> SUPPLIED INFORMATION

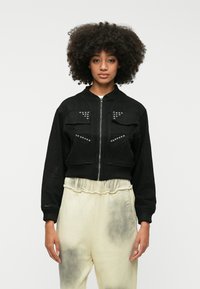 Črna skrajšana bomberska jakna iz mehkega blaga z dvema žepoma na prsih, srebrnimi žebljički na žepih in rebrastimi manšetami.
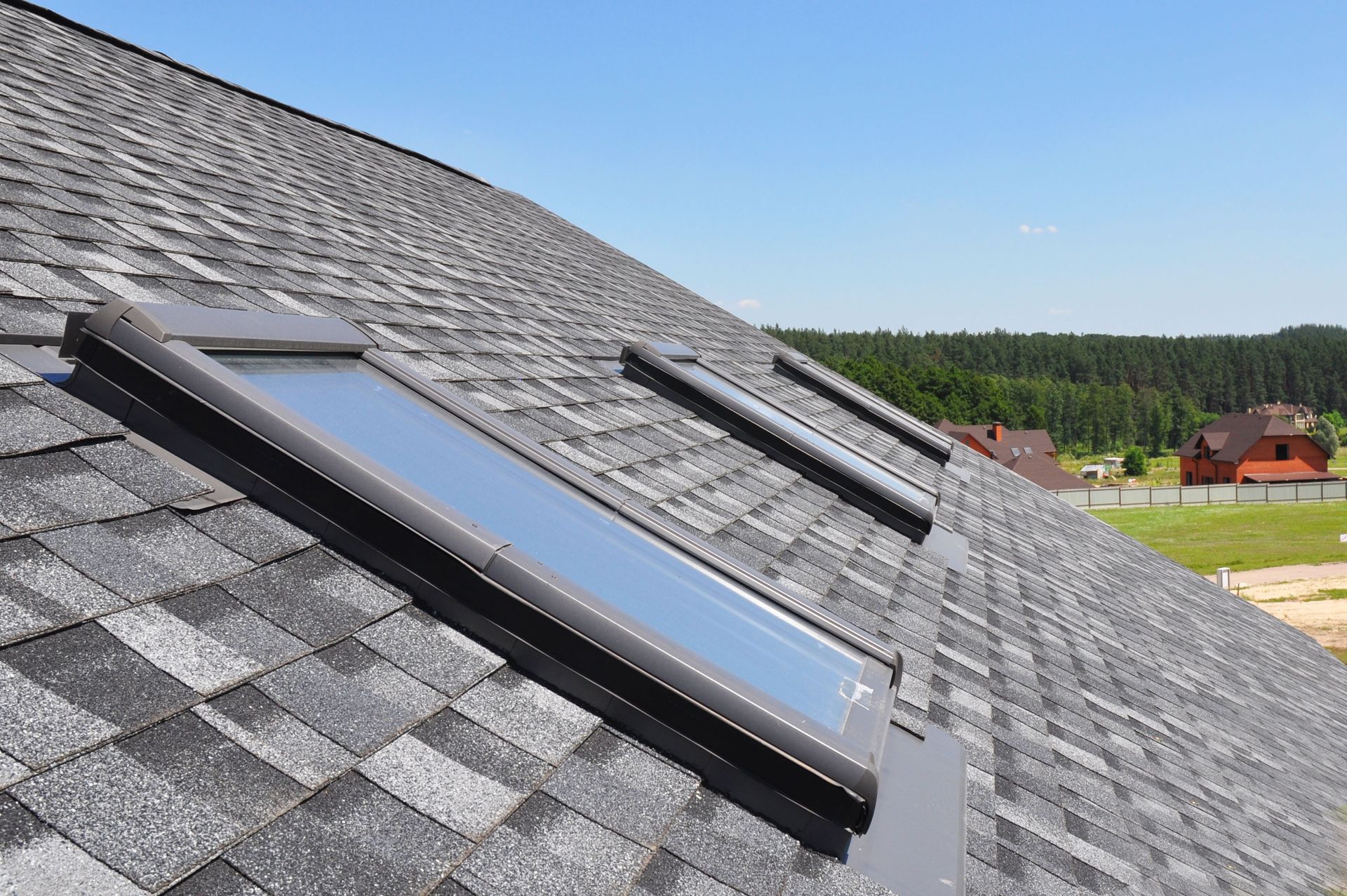 Two roof windows with dark frames installed on a sloped roof with gray shingles against a clear blue sky.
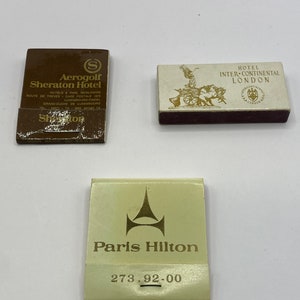 May include: Three matchbook covers. The first is brown with gold lettering and the text "Aerogolf Sheraton Hotel". The second is white with gold lettering and the text "Hotel InterContinental London". The third is white with gold lettering and the text "Paris Hilton 273.92-00".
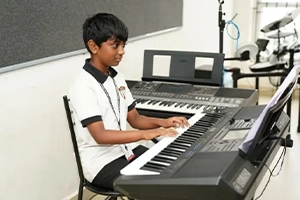 Student practicing musical instruments and vocal skills in a dedicated practice room.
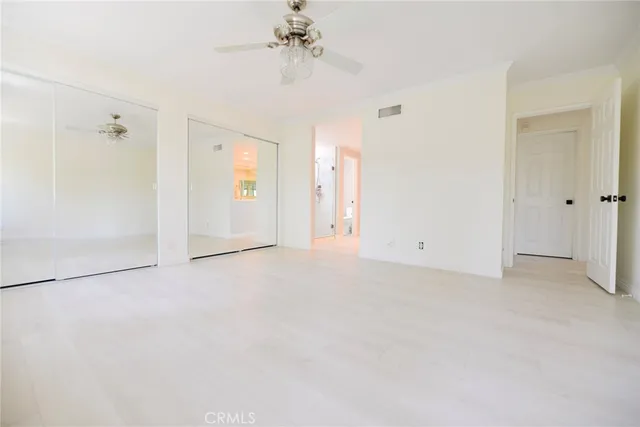 an empty room with chandelier fan and windows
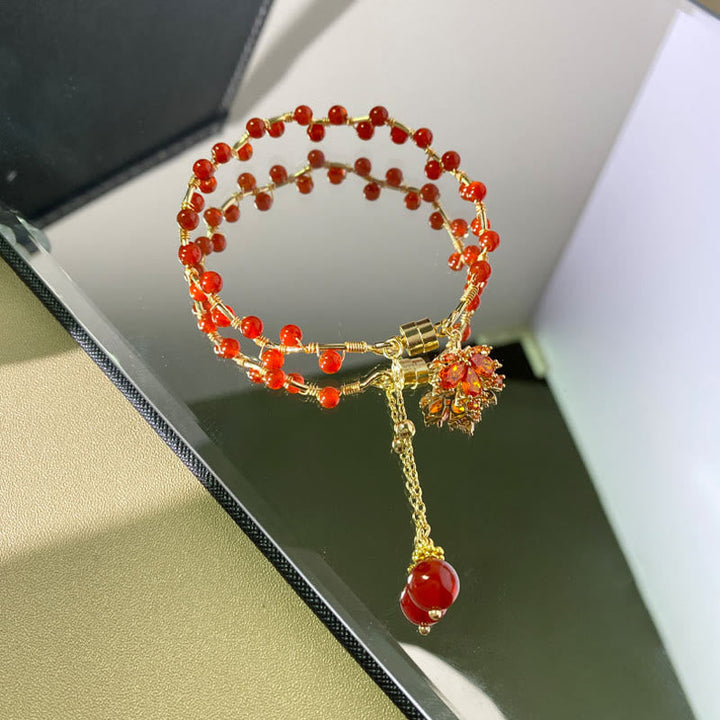 Rotes Armband mit Ahornblatt-Charm und Glücksperlen, elegant.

> TASK OBJECTIVE
Could the data above be reproduced exactly, with the pictures left out?

> TASK SOLUTION
 Črna skrajšana bomberska jakna iz mehkega blaga z dvema žepoma na prsih, srebrnimi žebljički na žepih in rebrastimi manšetami.
 Two roof windows with dark frames installed on a sloped roof with gray shingles against a clear blue sky.
 May include: Three matchbook covers. The first is brown with gold lettering and the text "Aerogolf Sheraton Hotel". The second is white with gold lettering and the text "Hotel InterContinental London". The third is white with gold lettering and the text "Paris Hilton 273.92-00".
 Student practicing musical instruments and vocal skills in a dedicated practice room.
 an empty room with chandelier fan and windows
 Rotes Armband mit Ahornblatt-Charm und Glücksperlen, elegant.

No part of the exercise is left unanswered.